• _PROBLEM TO WORK ON_: What you return should match the entries below exactly, only without the images.

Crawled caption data
►

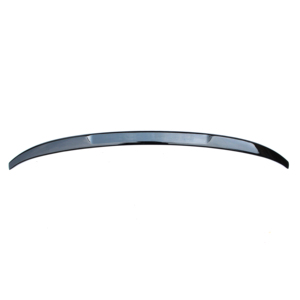 High Quality ABS Plastic Carbon Fiber MP Ducktail Rear Deck Lid <strong>Spoiler</strong> <strong>for</strong> Ford Fusion <strong>Mondeo</strong> 2024+ - Product Image 4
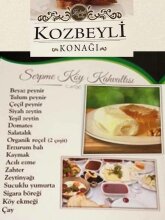 Kozbeyli Hotel, фото 14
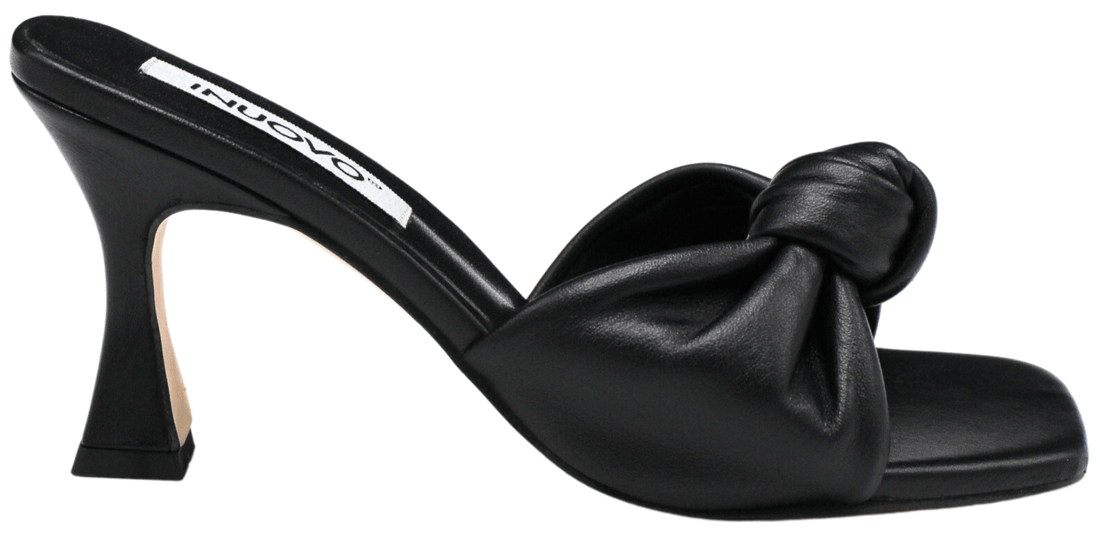 807020 Heeled Sandal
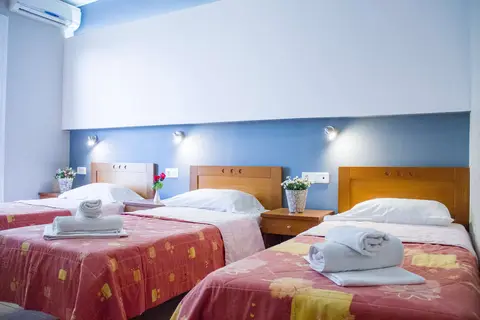 Rodon Hotel in Κατερίνη — foto 2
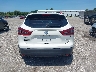 JN1BJ1AW1MW****** Wrecked 2021 Nissan Rogue Sport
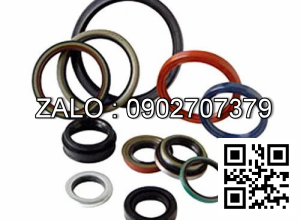 Bộ Phốt ty đứng,PN:KB3055A-00058,Komatsu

◄

• _RESULT BELOW_:
 High Quality ABS Plastic Carbon Fiber MP Ducktail Rear Deck Lid <strong>Spoiler</strong> <strong>for</strong> Ford Fusion <strong>Mondeo</strong> 2024+ - Product Image 4
 Kozbeyli Hotel, фото 14
 807020 Heeled Sandal
 Rodon Hotel in Κατερίνη — foto 2
 JN1BJ1AW1MW****** Wrecked 2021 Nissan Rogue Sport
 Bộ Phốt ty đứng,PN:KB3055A-00058,Komatsu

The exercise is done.